2.03.2011

Knowing what it knows: selected nuances of Watson's strategy

Editor’s note: This guest post from IBM Researcher Dr. Jon Lenchner is the second article in a three-part series about how Watson plays America’s favorite quiz show®

Watson learns by gathering information, but instead of neural connections, it uses algorithms to understand the natural language that information is written in. These algorithms give it a confidence in a Jeopardy! category and clue, that maps to a probabilistic estimate that the response is correct.

Watson honed this self-assessment of what it does and does not know by training on thousands of historical questions (Watson’s equivalent of taking a few hundred “practice tests”).

The algorithms dealing with natural language are not perfect, so there’s always some degree of uncertainty. Watson calculates its uncertainty and learns which algorithms to trust under which circumstances, such as different Jeopardy! categories.

IBM Researcher Dr. David Gondek, who developed machine learning algorithms and infrastructure that Watson uses to rank and estimate confidence in possible answers, uses an example of how “introducing” and “manufacturing” show how language has many ways to refer to the same relation and can be highly contextual:

The clue was: It was introduced by the Coca-Cola Company in 1963. Watson can find a passage stating that ‘Coca-Cola first manufactured Tab (the correct response) in 1963’, so in order to answer the question, Watson needed to understand that introducing and manufacturing can be equivalent – if a company is introducing a product. But that is highly dependent on context: if you introduce your uncle, it doesn't mean you manufactured him.

Watson also exhibits dynamic learning within categories. Watson observes the correct answers to clues to verify it is interpreting the category correctly. The sparring matches offer good examples of Watson making these in-game adjustments. Not only does Watson get better at answering as clues in a category are revealed, but its understanding of its own in-category ability is also refined.

Note, because Watson cannot hear, it does not know how Jennings or Rutter answer a clue. So, Watson cannot use their responses in its accuracy assessment or to change a response it may be considering.



The Confidence to buzz in

Those who watched the practice round could see a graphic of Watson’s confidence level in its top three possible responses, and a line that established a threshold it must reach to buzz in.

Watson’s default threshold is typically 50 percent. In other words, if its confidence estimation determines a 50 percent or higher chance of correctly responding to a clue, it will try to buzz in.

What is a Daily Double?

When a contestant selects a Daily Double, he or she can wager between $5 and either his or her current score (a True Daily Double), if higher than the highest value on the board, or if not, up to the highest value on the board ($1,000 for Single Jeopardy! and $2,000 for Double Jeopardy!)

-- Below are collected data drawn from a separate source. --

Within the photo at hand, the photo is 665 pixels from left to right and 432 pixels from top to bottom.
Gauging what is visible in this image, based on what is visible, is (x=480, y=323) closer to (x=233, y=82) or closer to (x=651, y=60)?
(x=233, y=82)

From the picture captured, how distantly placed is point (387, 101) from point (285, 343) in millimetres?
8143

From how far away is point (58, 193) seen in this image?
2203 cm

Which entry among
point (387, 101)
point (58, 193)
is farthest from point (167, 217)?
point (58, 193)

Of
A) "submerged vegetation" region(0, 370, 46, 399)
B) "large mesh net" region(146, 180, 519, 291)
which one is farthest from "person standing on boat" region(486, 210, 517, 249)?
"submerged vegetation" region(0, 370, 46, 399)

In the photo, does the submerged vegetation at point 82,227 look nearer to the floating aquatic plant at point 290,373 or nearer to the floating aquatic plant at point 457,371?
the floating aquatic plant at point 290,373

The first round of Jeopardy! has one Daily Double; the second round has two.

But the buzz threshold is game-state dependent.

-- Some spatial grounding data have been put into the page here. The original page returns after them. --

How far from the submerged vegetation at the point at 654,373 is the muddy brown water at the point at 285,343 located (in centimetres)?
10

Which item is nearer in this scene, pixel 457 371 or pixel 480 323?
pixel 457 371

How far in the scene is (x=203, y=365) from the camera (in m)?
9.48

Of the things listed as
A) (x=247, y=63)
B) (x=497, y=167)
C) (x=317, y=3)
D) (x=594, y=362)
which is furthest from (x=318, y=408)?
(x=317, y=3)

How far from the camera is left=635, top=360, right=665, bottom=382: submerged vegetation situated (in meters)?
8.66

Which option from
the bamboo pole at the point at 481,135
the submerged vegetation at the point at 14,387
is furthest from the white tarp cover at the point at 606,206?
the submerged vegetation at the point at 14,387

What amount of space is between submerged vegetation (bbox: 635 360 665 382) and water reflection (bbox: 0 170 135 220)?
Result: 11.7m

The threshold can change substantially towards the end of a game. For example, Watson will lower the threshold if it gives a higher chance to win or, for example, to avoid a statistical lockout. Analogously, if Watson is leading and its only chance of losing a game is to buzz in and respond incorrectly, it will not buzz in, no matter how confident.

Clue selection

If Watson gets to choose a category and clue, its first priority is finding any remaining of the three Daily Doubles in a game. These clues allow a contestant to wager a specific dollar amount on the clue without worry of the other two contestants buzzing in. Jennings, Rutter and Watson have a high chance to answer these correctly, so Daily Doubles provide three opportunities for a critical score boost.

The Watson Research team studied the historical distribution of Daily Doubles and found they appear most-frequently in the three bottom rows, with the fourth being the most common. Daily Doubles also most frequently appear in the first column. Watson also makes use of even more statistics to dynamically predict their location based on what has been exposed so far in a game.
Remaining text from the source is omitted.